Search code examples
prometheusgrafanapromql

Why is the moving average higher than the actual series in prometheus


Given a gauge called gin_in_flight_requests

We have two queries in prometheus:

green line:

sum(avg_over_time(gin_in_flight_requests{app="my-service",cluster="prod", url="/api/v1/url1"}[1m]))

yellow line

sum(gin_in_flight_requests{app="my-service",cluster="prod", url="/api/v1/url1"})

The green line has 14:35 a higher peak than every individual point of the sum line but how can it be that the sum of averages over time produce a higher result then the max of the sum itself ?

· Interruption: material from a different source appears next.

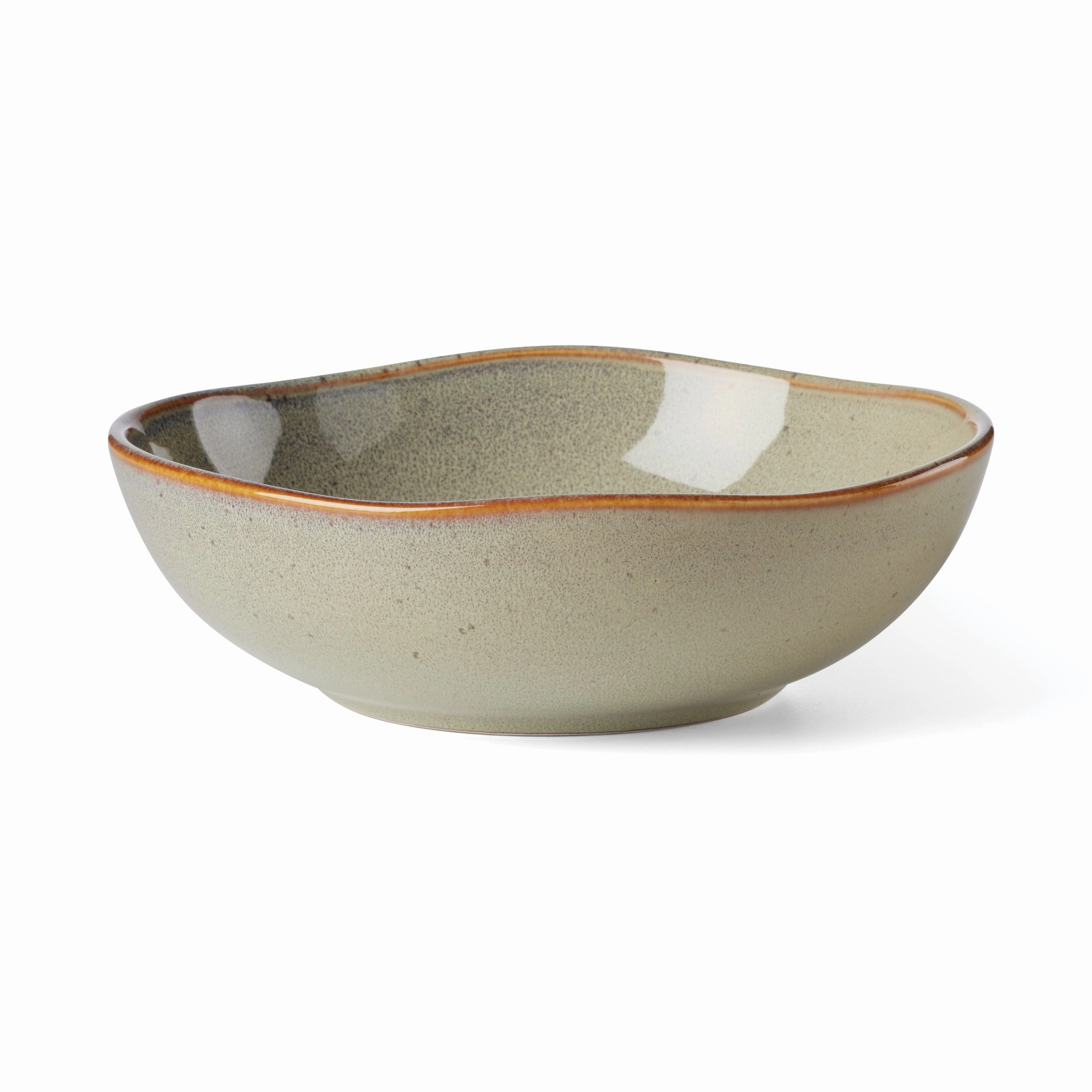 Organic Shades Sage 12-Piece Dinnerware Set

sum of average over time vs plain sum

The graph was made with grafana 9 explore


Solution

  • By default Prometheus wraps time series selectors into last_over_time() rollup function with 5 minutes lookbehind window in square brackets if the time series selector isn't wrapped into any rollup function. So the sum(gin_in_flight_requests{app="my-service",cluster="prod", url="/api/v1/url1"}) query is automatically converted into the following query before execution:

    sum(
      last_over_time(
        gin_in_flight_requests{app="my-service",cluster="prod", url="/api/v1/url1"}[5m]
      )
    )
    

    See these docs for more details.

    E.g. this query takes into account a subset of raw samples, actually the last raw samples just before each point displayed on the graph. It ignores the remaining raw samples. So it may return values smaller than the sum(avg_over_time(...)) query. If you want taking into account all the max raw samples, then use max_over_time function.

    P.S. If you want capturing all the raw sample maximums and minimums on the selected time range in Grafana, then just use max_over_time() and min_over_time() queries with $__interval lookbehind window in square brackets:

    sum(max_over_time(...[$__interval]))
    

    and

    sum(min_over_time(...[$__interval]))
    

    P.P.S. FYI, an alternative Prometheus-like monitoring solution I work on - VictoriaMetrics - provides a rollup function, which simultaneously returns min, max and avg values on the selected time range. E.g. it can be used instead of three queries with min_over_time(), max_over_time() and avg_over_time() functions.